**WHAT THIS TASK INVOLVES:**
Please repeat the whole listing exactly, but leave the pictures out.

**COLLECTED MATERIAL:**
-----
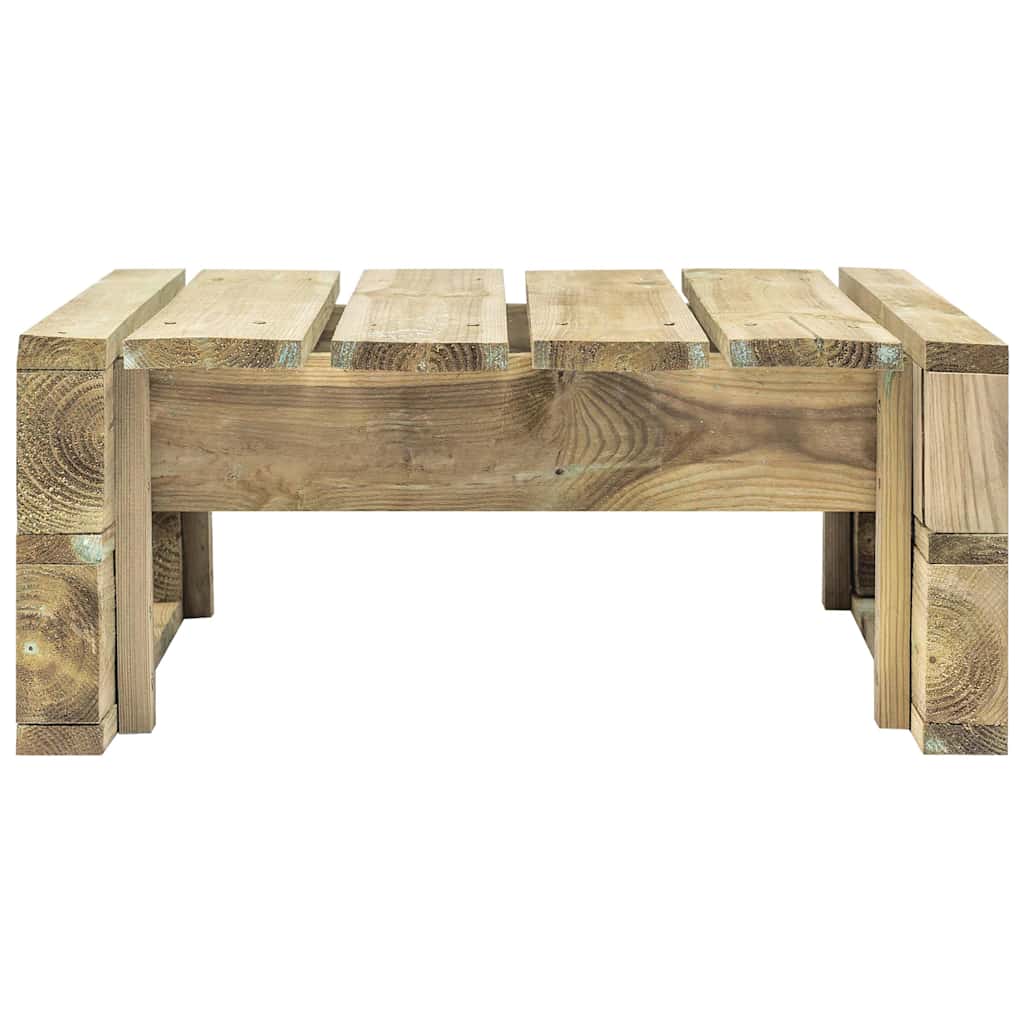 Set Divani in Pallet con Cuscini 4 pz in Pino Impregnato Verde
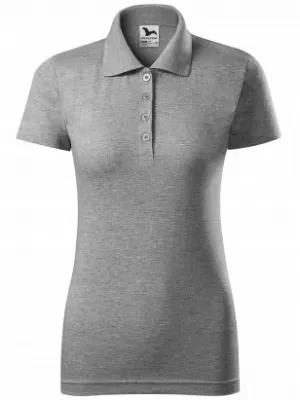 Damen-T-Shirt mit Kragen MALFINI SINGLE J. 223 DUNKELGRAUE HIGHLIGHTS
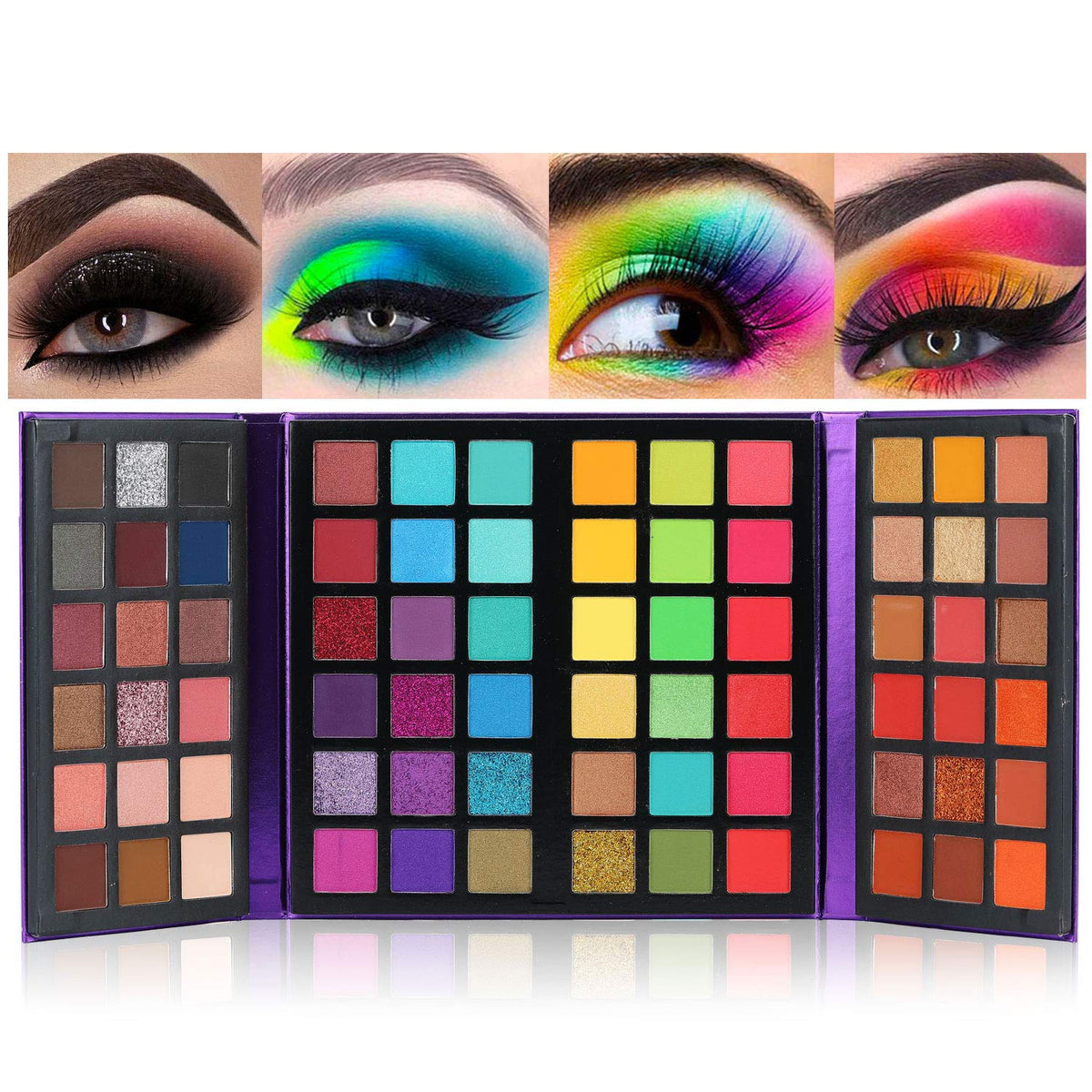 BestLand palette front open showing 72 shades and clear organization for variety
-----
**TASK RESPONSE:**
 Set Divani in Pallet con Cuscini 4 pz in Pino Impregnato Verde
 Damen-T-Shirt mit Kragen MALFINI SINGLE J. 223 DUNKELGRAUE HIGHLIGHTS
 BestLand palette front open showing 72 shades and clear organization for variety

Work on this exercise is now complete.